April 16, 2006 — -- Julia Baskin, Sophie Pollitt-Cohen, Lindsey Newman and Courtney Toombs are now confident college freshman. But in "The Notebook Girls," their book which comes out this week, they wrote about the struggles they faced as high school girls.

Created as a collective journal, the girls describe their experiences with alcohol, sex and drugs as well as some of their private thoughts about society, religion, race and self-esteem.

Pollitt-Cohen even wrote about her first sexual experience in "Notebook Girls," which looks like a composition book filled with handwritten notes and doodles in the margins.

"He seems like just a really close friend until these weird moments where I have no idea what he wants, and I just feel used and cheap," Pollitt-Cohen wrote.

All the girls took on issues of body image and self-esteem.

"I'm so sick of not being able to do anything well," Baskin wrote. "I'm just so tired of being plain. I feel like I have nothing to offer in life. I'm so regular."

Toombs wrote about how her weight made her feel.

"It's hard feeling fat in a thin world, and that makes me second guess everything I do," Toombs wrote. "It's not easy to write stuff like that, so please try to understand that it was difficult for me."

The girls -- who were seen as good kids as students at Stuyvesant High School in New York City, and all now attend respectable colleges, including Princeton and Wesleyan University in Middletown, Conn. -- write about seniors hiding booze in their lockers and getting wasted.

"Wow, so many girls we know are really gross and all their annoying personalities from being drunk stem from wanting guys' acceptance and approval," Pollitt-Cohen wrote. "How lame and sad.

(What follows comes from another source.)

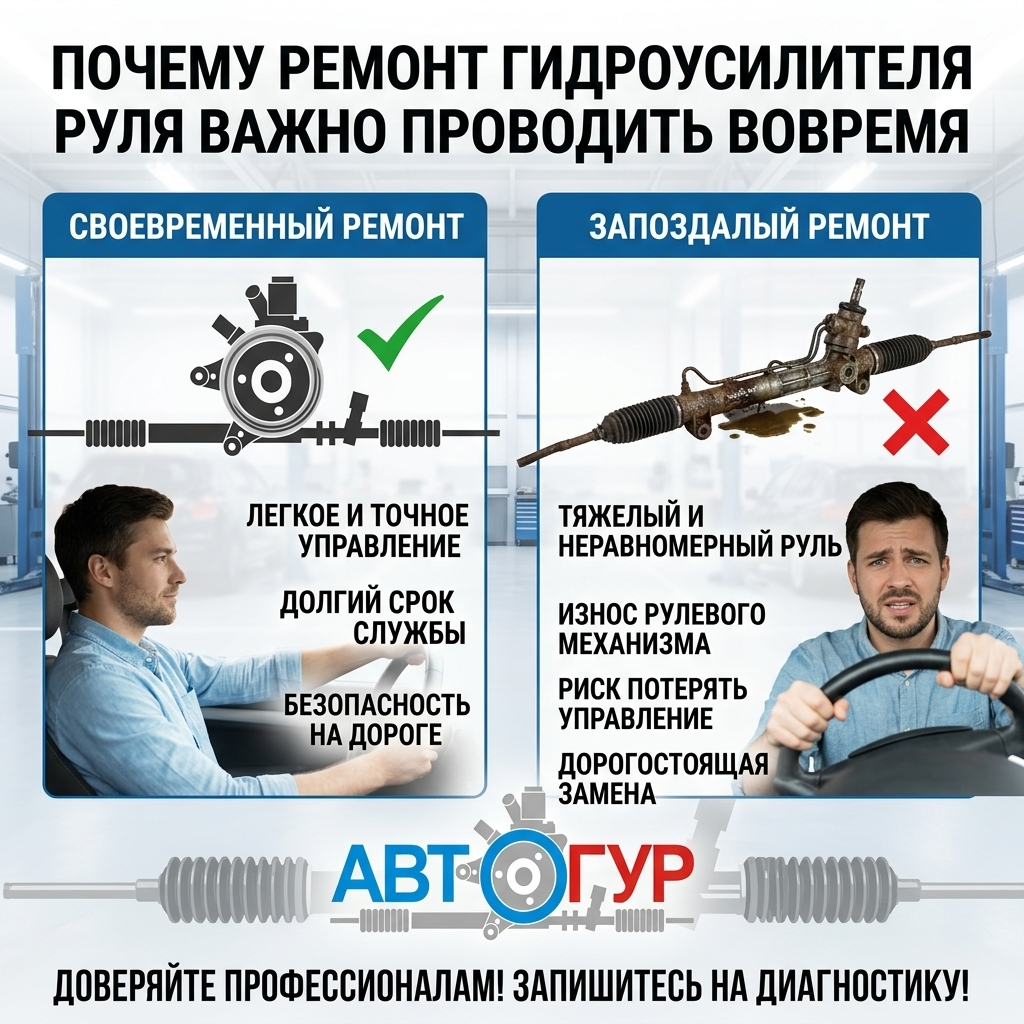 Почему ремонт гидроусилитиеля руля важно проводить вовремя?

I'm not trying to say they suck all the time, I just hate to see them like this."

But they wrote a lot more about smoking pot -- and about the times they got caught.

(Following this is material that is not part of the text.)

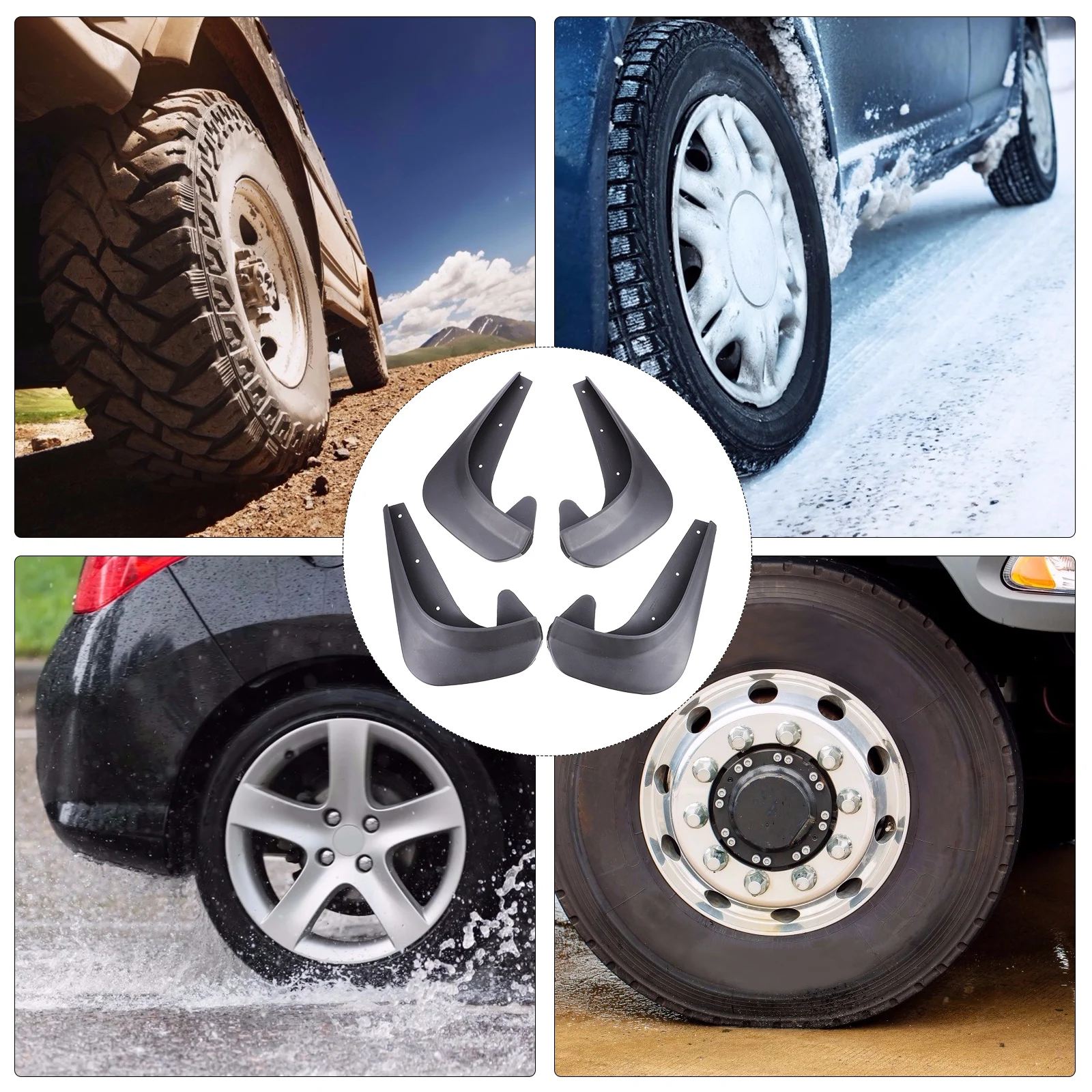

4pcs Universal Car Mudguard Durable Plastic Wheel Protector For Tires Splash Resistant Auto Mud Flap Vehicle Mudguard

"It was really pointless for me to deny my state and the parentals got it all out of me," Baskin wrote. "They know I smoke weed, it doesn't mean I'm irresponsible or a failure at life. Grrr… I just hate not living up to peoples' expectations."

"I know I can speak for all of us when I say that our parents are really important people in our lives and we all respect our parents a lot, so letting them down hurt," said Baskin of that incident.

"You worry about your kids," said Baskin's mother, Miriam Baskin. "And she was right to feel that way because she, you know, she knew we were disappointed."

Miriam Baskin and her husband David Baskin said they knew a lot of what was going on, but reading the gory details was hard.

"I knew she was sexually active," David Baskin said. "We knew that she had used drugs. But, yes, as a parent reading your child verbalizing through the situation, that was the shock."

Yet David Baskin says he is comfortable with much of the book -- and with the thoughtful musings on society, religion and race there is even much to be proud of.

"I have to say that when I was reading the book, I read it both as a father and as a reader," he said. "Certainly as a father, I wasn't comfortable with reading some of what I read. But I got past that, because there was a lot more in the book that not only was I comfortable with, I laughed at. I was proud of some of her sentiments, and I really respected the dialogue that was going on."

Miriam Baskin wished the girls hadn't published the book when the incidents were only months behind them.

"I'd be better off not knowing the specifics," she said, "I think I would feel better if they were a little bit older when they had done it."

Still, the Baskin parents and all four authors said there's a lesson for all parents everywhere in this book: Talk to your children.

"Having a teenager is, can be, really scary and being a teenager can be really scary," Lindsey Newman said. "But I think talking about it and being open about it is one of the, like, a really important thing in order to, you know, get through it all right."

"I think the notebook girls experience has taught me about honesty and the importance of honesty between a parent and a child," Pollitt-Cohen said.

Will there be a second installment of "The Notebook Girls"? All four now attend separate colleges, but they are keeping a record of their e-mail correspondence, just in case.